Cukup sudah untuk hari ini. Ayah Calvin dibuat terkejut dengan fakta bahwa putrinya berkebutuhan khusus. Mana mungkin Ayah Calvin diam saja membiarkan putrinya tanpa penanganan spesial? Ia sendiri yang akan turun tangan.
"Ayah..."
Tenggelam dalam pikirannya, Ayah Calvin nyaris melupakan Silvi. Gadis tujuh tahun itu telah mengenyakkan diri di sebelahnya. Seragam sekolah berganti dengan gaun rumah berbordir bunga-bunga krisan.
"Kamu lapar, Sayangku? Ayah masakkan sesuatu untukmu ya," tawar Ayah Calvin lembut.
Iris kebiruan Silvi berkilat tak percaya. Memangnya Ayah Calvin bisa memasak? Pastilah orang sekaya dan sesibuk Ayah Calvin belum pernah berkotor-kotor di dapur.
Namun, Silvi salah duga. Ia melihat dengan mata kepalanya sendiri aksi sang ayah di dapur. Ayah Calvin telah memenuhi isi kulkas dengan bahan-bahan makanan. Untuk makan siang, dia membuat salmon steak dan puding coklat.
Silvi terkesima. Ayahnya, dengan apron putih dan talenan di tangan, nampak dua kali lebih tampan. Menyesal juga tadi ia sempat meremehkan Ayah.
Steak dimasak dengan kematangan well done. Puding coklat menguarkan wangi manis. Keduanya duduk di meja makan. Makan siang mengeratkan ayah dan anak itu. Masakan Ayah Calvin tak kalah lezat dibandingkan masakan Bunda Manda dan Opa Hilarius.

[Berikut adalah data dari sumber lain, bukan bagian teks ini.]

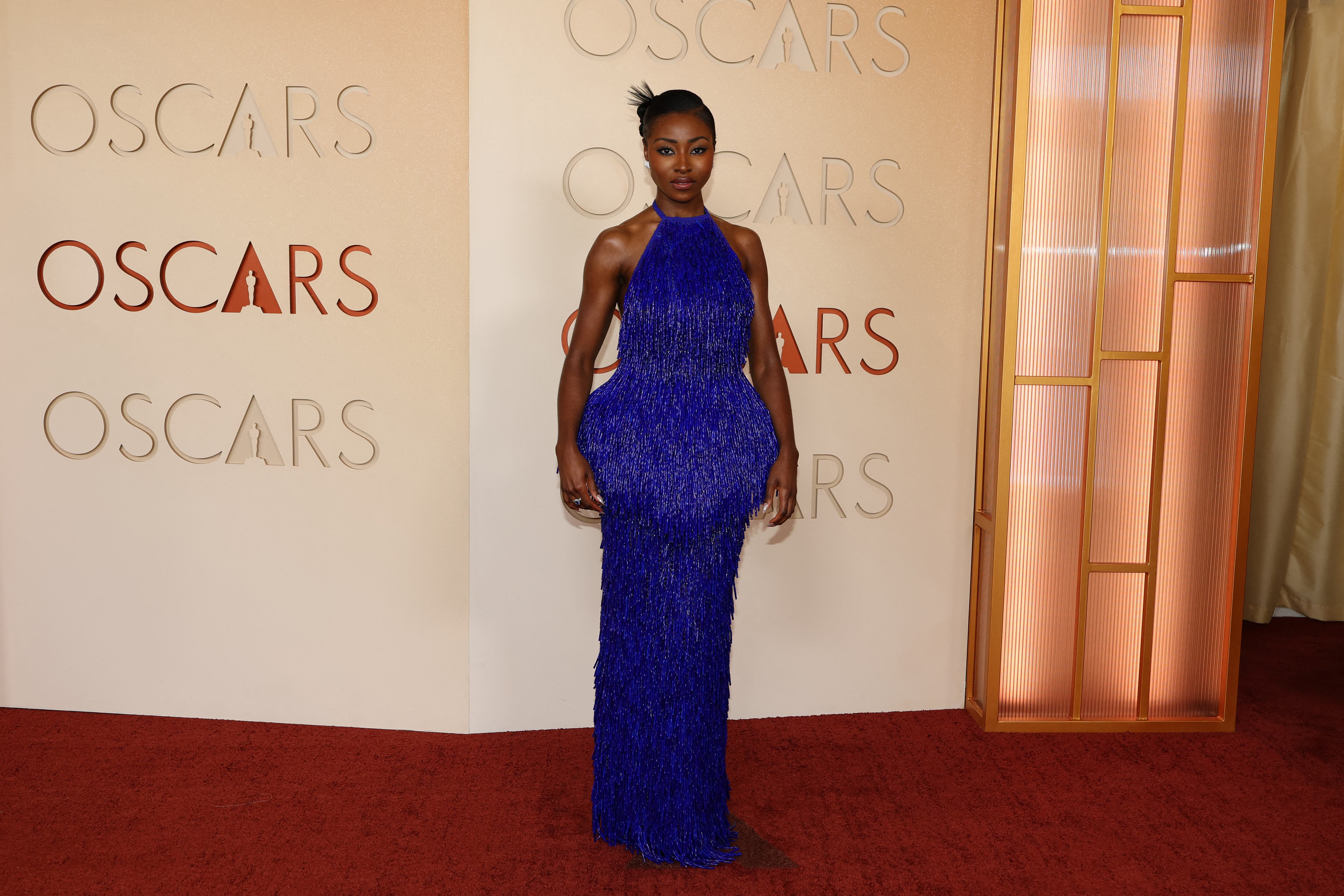 Actriz, cantante y compositora estadounidense Jayme Lawson en los Premios Óscar 2026.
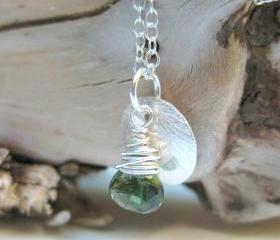 Tourmaline charm necklace, forest green tourmaline silver disc 
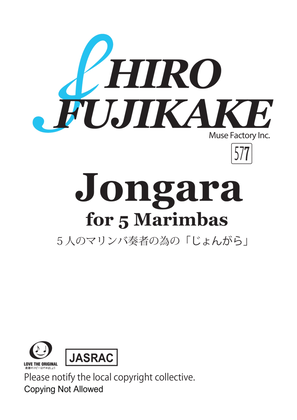 Book cover for Jongara for 5 marimbas (577)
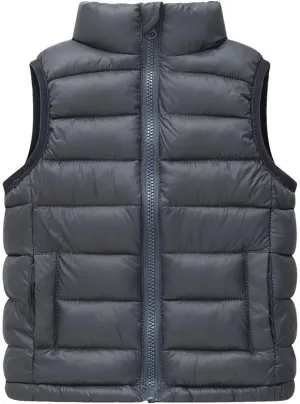 Little Girls Boys Winter Warm Softshell Quilted Padded Puffer Down Vest Ultra Light Waistcoat Jacket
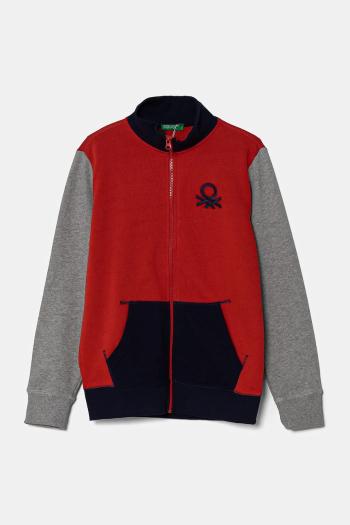Detská bavlnená mikina United Colors of Benetton červená farba, jednofarebná, 3J68C501B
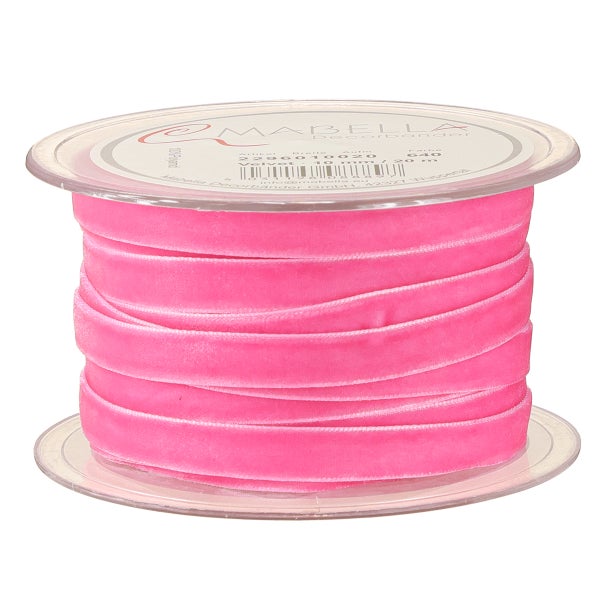 Spule mit pinkfarbenem Samtband, 10 mm breit, 20 Meter lang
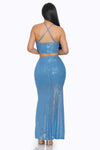 Vestido Maxi de Lentejuelas Sexy Back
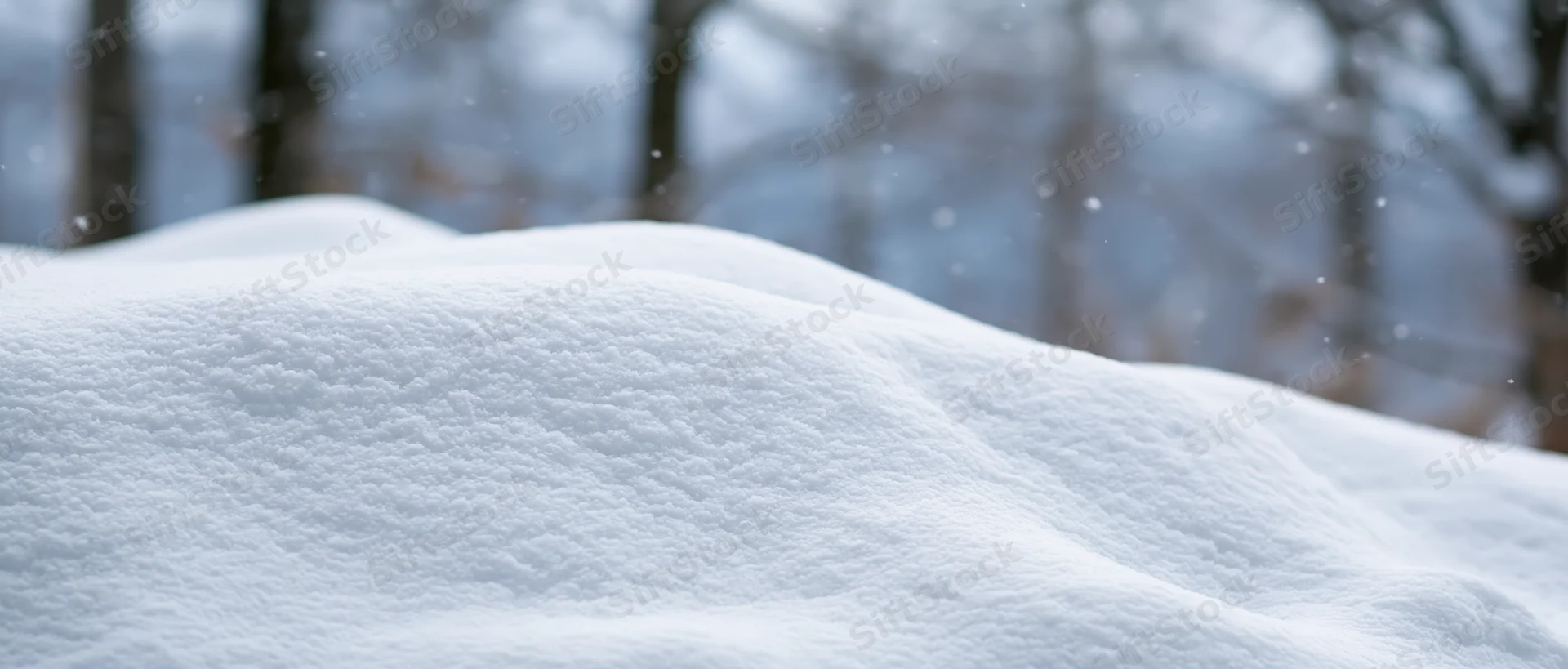 Snow drifts in a forest clearing with bare trees in the background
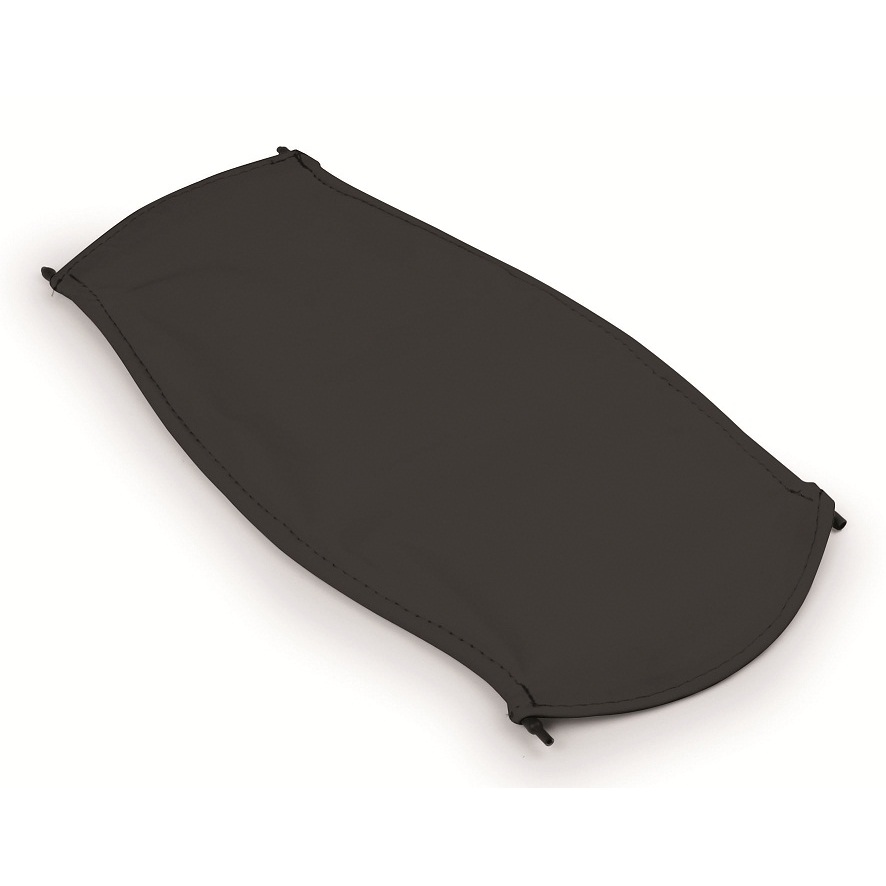 Tapete ou almofada preta curva com bordas costuradas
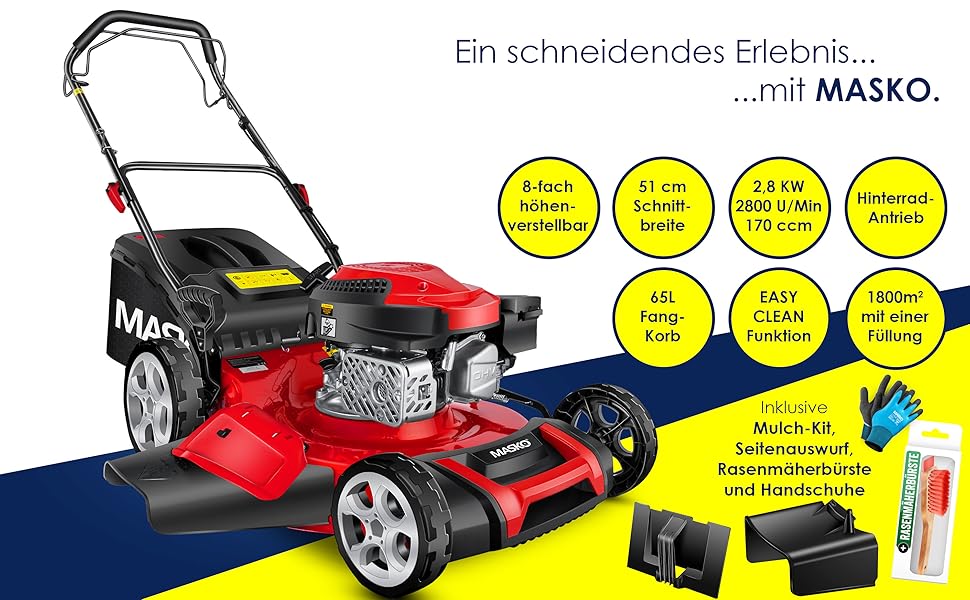 Бензинова газонокосилка MASKO® 5в1 | Ширина косіння 51 см | 8 положень висоти стрижки | 4-тактний OHV двигун 6.0 PS | Об'єм кошика 65 літрів | З набором для мульчування, бічний викид | Червоний / Чорний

Silvi kesulitan memotong steaknya. Jari-jari lentik Ayahnya sigap memotongkan. Tak hanya memotongkan, ia pun menyuapi Silvi. Rasa hangat menyembul ke hati Silvi. Begini rasanya disuapi seorang ayah.
"Cukup sudah kebersamaannya. Sekarang, biar aku yang mengurus Silvi."
Sebuah suara sopran memutus momen manis itu. Gerakan tangan Ayah Calvin terhenti. Dilihatnya Bunda Manda berdiri tegak di mulut pintu. Ia tak sendiri. Dua pria bertubuh bak model siaga di kanan-kirinya.